HLA-A, -B, -C, DRB1, and DQB1 allele frequencies were analyzed and compared between 236 healthy control individuals and 60 patients with DLBCL. Briefly, control subjects were between the ages of 18 and 50 years (median age, 50 years). The number of healthy male subjects was 134 (56.8%), while 102 (43.2%) were female. Regarding patients with DLBCL, 33 (55%) were male and 27 (45%) were female. Median age of patients was 68.5 years. Analysis based on COO revealed that 21 (35.6%) patients had ABC-like DLBCL, 13 (22%) patients had GCB-like DLBCL, and 25 (42.4%) patients had DLBCL, NOS. All patients had de novo DLBCL. The number of patients that had relapsed disease was 15 (25%), while rituximab, cyclophosphamide, doxorubicin, vincristine, and prednisone (R-CHOP) therapy was given to 50 (83.3%) patients and R-mini-CHOP to 9 (15%) patients. Clinical and laboratory parameters for patients with DLBCL in our study is provided in Table 1.

Table 1

Table 1. Baseline characteristics of the 60 patients included in the study.

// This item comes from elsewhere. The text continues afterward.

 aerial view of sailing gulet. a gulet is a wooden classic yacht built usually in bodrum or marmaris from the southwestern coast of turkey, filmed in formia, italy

In total, we found 75 different low-resolution HLA molecules in patients with DLBCL and controls. More specifically, we detected 16 different HLA-A, 24 different HLA-B, 14 different HLA-C, seven different HLA-DQB1, and 13 different HLA-DRB1 molecules in patients with DLBCL and control subjects (Supplementary Table S1).

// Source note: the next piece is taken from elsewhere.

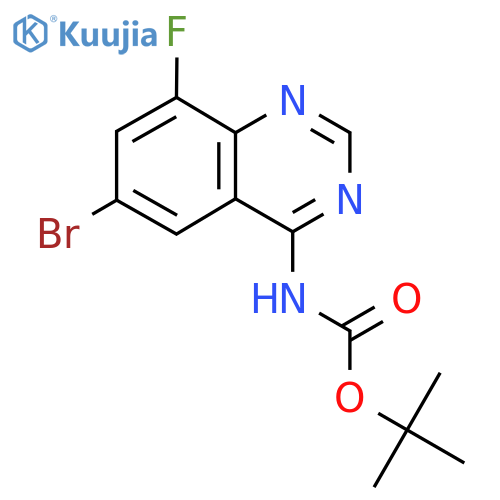 tert-butyl N-(6-bromo-8-fluoroquinazolin-4-yl)carbamate structure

3.2 Associations between HLA class I and DLBCL risk

Thirteen different HLA-A molecules were detected in patients with DLBCL, versus sixteen in the control group, with no statistically significant difference between the groups. The additional three different HLA-A molecules that were detected in the control group only, were HLA-A*25, HLA-A*31, and HLA-A*66. More specifically, HLA-A*25 was detected in 7 (1.49%), HLA-A*31 in 10 (2.13%), and HLA-A*66 in 4 (0.85%) healthy controls (Table 2). The total number of HLA-B alleles detected in the control and DLBCL groups were 23 and 21, respectively, with no statistically significant difference in the phenotypic frequency of the HLA molecules between the groups, with the exception of HLA-B*39, the frequency of which was significantly lower in patients with DLBCL compared with controls (Table 2). The total number of HLA-C alleles detected in the control and DLBCL groups was 13 and 14, respectively. The phenotypic frequency of HLA-C*12 was significantly lower in the DLBCL group compared to the control population (3.33% vs. 17.9%, OR = 0.16, 95% CI: 0.04–0.44) (Table 2).

Table 2

Table 2. Distribution of HLA-A, -B, and -C alleles in patients with DLBCL and controls.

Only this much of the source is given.